3. Now, an alcoholic will become “joyful” and he will proceed to either accept the offer or make a drink for himself, depending on the two situations above. In other words, now pañcakkhandha has AUTOMATICALLY become pañcupādānakkhandha!

  • But if the person doe not like to drink alcohol, such a “joyful mindset” will not take place in him EVEN IF a drink is offered.
  • Thus, for such an individual pañcakkhandha would arise when someone offered a drink, i.e., rupa, vedanā. saññā, saṅkhāra, viññāṇa ABOUT an alcoholic drink will come to their mind. However, because he does not have gati to crave “alcoholic drinks”  it WILL NOT become pañcupādānakkhandha!
  • That is the difference between pañcakkhandha and pañcupādānakkhandha!
  • Just reading these words will not be enough to make progress. One must think through these concepts.
Samphassa-jā-Vedanā Arise Due to Gati

4. To put it another way, the alcoholic will automatically generate pañcupādānakkhandha which will have “samphassa-jā-vedanā” in his vedanākkhandha.

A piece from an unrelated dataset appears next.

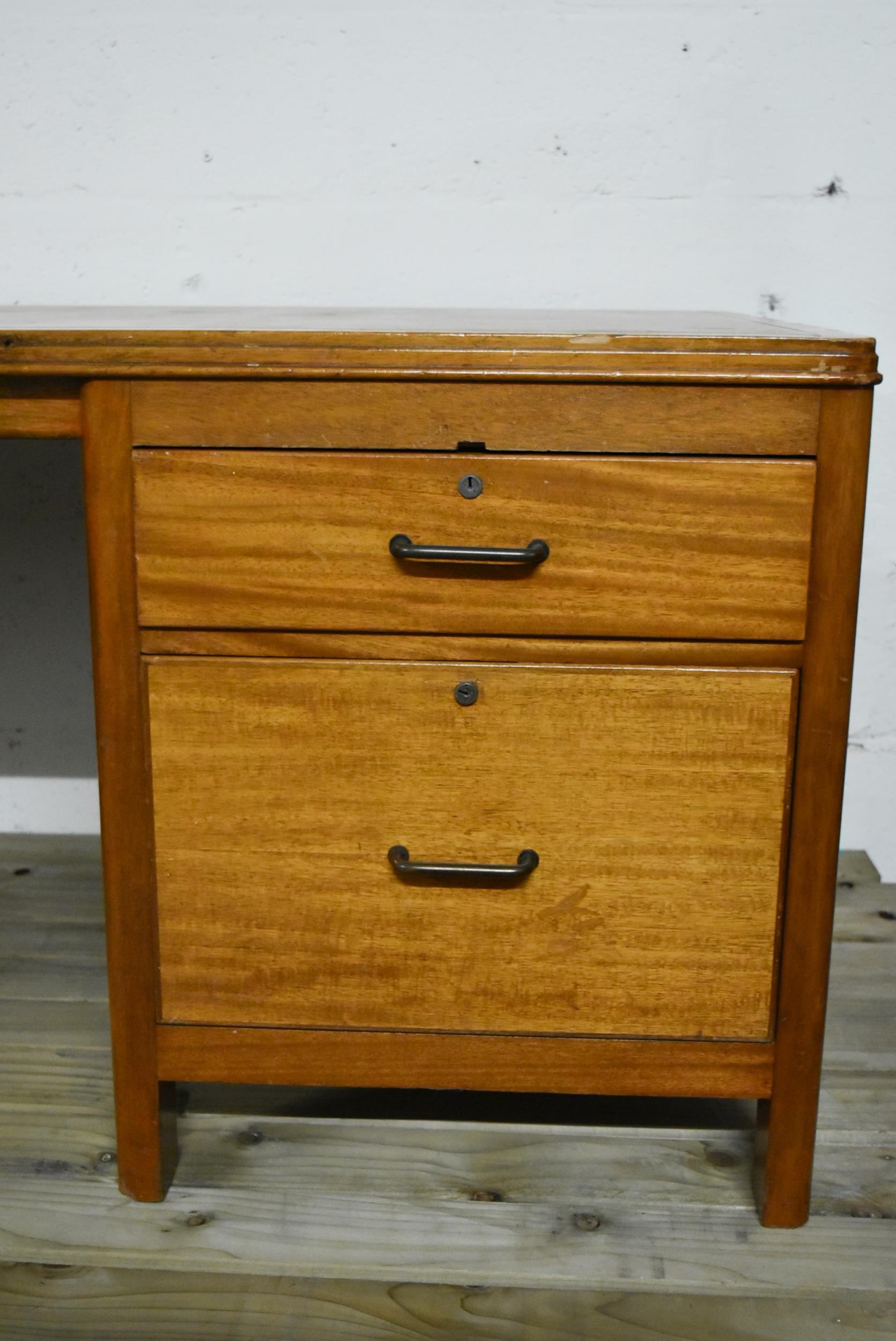 A mid century vintage teak pedestal desk with inset leather top on block supports. - Image 5 of 9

  • On the other hand, the other person (who does not like alcohol) WILL NOT have “samphassa-jā-vedanā” in his vedanākkhandha.
  • It is critical to understand what is meant by “samphassa-jā-vedanā.” See, “Search Results for: samphassa vedanā.”

5. It is mainly the vedanā (that arises with pañcakkhandha) leading to the attachment. If it is sukha vedanā, one attaches with greed, and a dukkha vedanā leads to attachment with anger. A neutral vedanā could also lead to attachment via ignorance (one does not understand the proper response to an ārammaṇa.)

  • Following are examples. Eating tasty food gets one attached to it; they will try to figure out how to taste it again. Seeing an enemy succeeding in life, some people will try to get involved and put obstacles in their way. Seeing shadowy figures at night may cause anxiety.
  • Let us analyze the example in the post, “Aggregate of Forms – Collection of ‘Mental Impressions’ of Forms,” to get more clarity.
Example With Many Ārammaṇa

6. Sometimes many ārammaṇa run through our minds within minutes. In such cases, only one may lead to pañcupādānakkhandha even though all of them contribute to pañcakkhandha.

  • We started in that post (in #3) with the following example. Suppose you are having a meal with a friend. We analyzed how many citta vithi run through your mind within a few minutes due to different ārammaṇa. To keep the discussion simple, let us bypass the citta vithi analysis.
  • Your friend is talking, and you are listening. That is an ārammaṇa coming through sotadvāra or the ears. You see him too, and that ārammaṇa comes through cakkhudvāra (eyes). You taste the food (with jivhādvāra or tongue).
  • The point relevant to the present discussion is that you not only see your friend’s face, but you have certain “mental aspects” associated with that rupa DEPENDING ON both him and what he is talking about. We cannot break those mental aspects into two separate parts, say one for just seeing his face and another for what he is talking about.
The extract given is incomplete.